Institute of Applied Informatics and Formal Description Methods, Karlsruhe Institute of Technology, 76133 Karlsruhe, Germany.
Independent Researcher, Tehran 009821, Iran.
Sensors (Basel). 2023 Jul 21;23(14):6571. doi: 10.3390/s23146571.
An electronic health record (EHR) is a vital high-dimensional part of medical concepts. Discovering implicit correlations in the information of this data set and the research and informative aspects can improve the treatment and management process. The challenge of concern is the data sources' limitations in finding a stable model to relate medical concepts and use these existing connections. This paper presents Patient Forest, a novel end-to-end approach for learning patient representations from tree-structured data for readmission and mortality prediction tasks. By leveraging statistical features, the proposed model is able to provide an accurate and reliable classifier for predicting readmission and mortality. Experiments on MIMIC-III and eICU datasets demonstrate Patient Forest outperforms existing machine learning models, especially when the training data are limited. Additionally, a qualitative evaluation of Patient Forest is conducted by visualising the learnt representations in 2D space using the t-SNE, which further confirms the effectiveness of the proposed model in learning EHR representations.

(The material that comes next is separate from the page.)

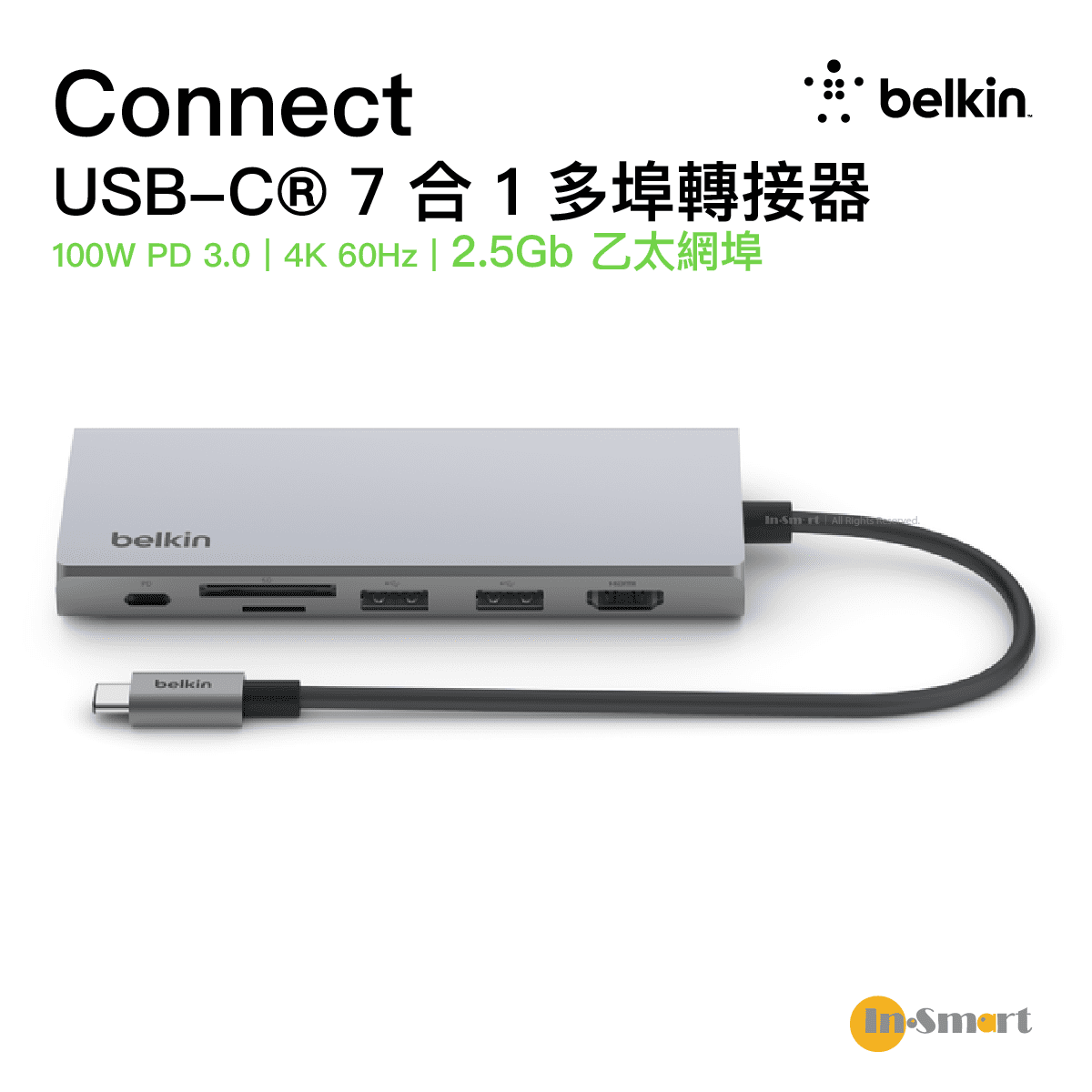 Belkin – Connect USB-C® 7 合 1 多埠轉接器 INC009btSGY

电子健康记录(EHR)是医学概念的一个重要的高维部分。发现该数据集信息中的隐含相关性,以及研究和信息方面的相关性,可以改善治疗和管理过程。关注的挑战是数据源在寻找一个稳定的模型来关联医学概念和利用这些现有联系方面的局限性。本文提出了 Patient Forest,这是一种从树结构数据中学习患者表示的端到端方法,用于再入院和死亡率预测任务。通过利用统计特征,所提出的模型能够提供一个准确可靠的分类器,用于预测再入院和死亡率。在 MIMIC-III 和 eICU 数据集上的实验表明,Patient Forest 优于现有的机器学习模型,特别是在训练数据有限的情况下。此外,通过使用 t-SNE 在 2D 空间中可视化学习到的表示,对 Patient Forest 进行了定性评估,这进一步证实了所提出的模型在学习 EHR 表示方面的有效性。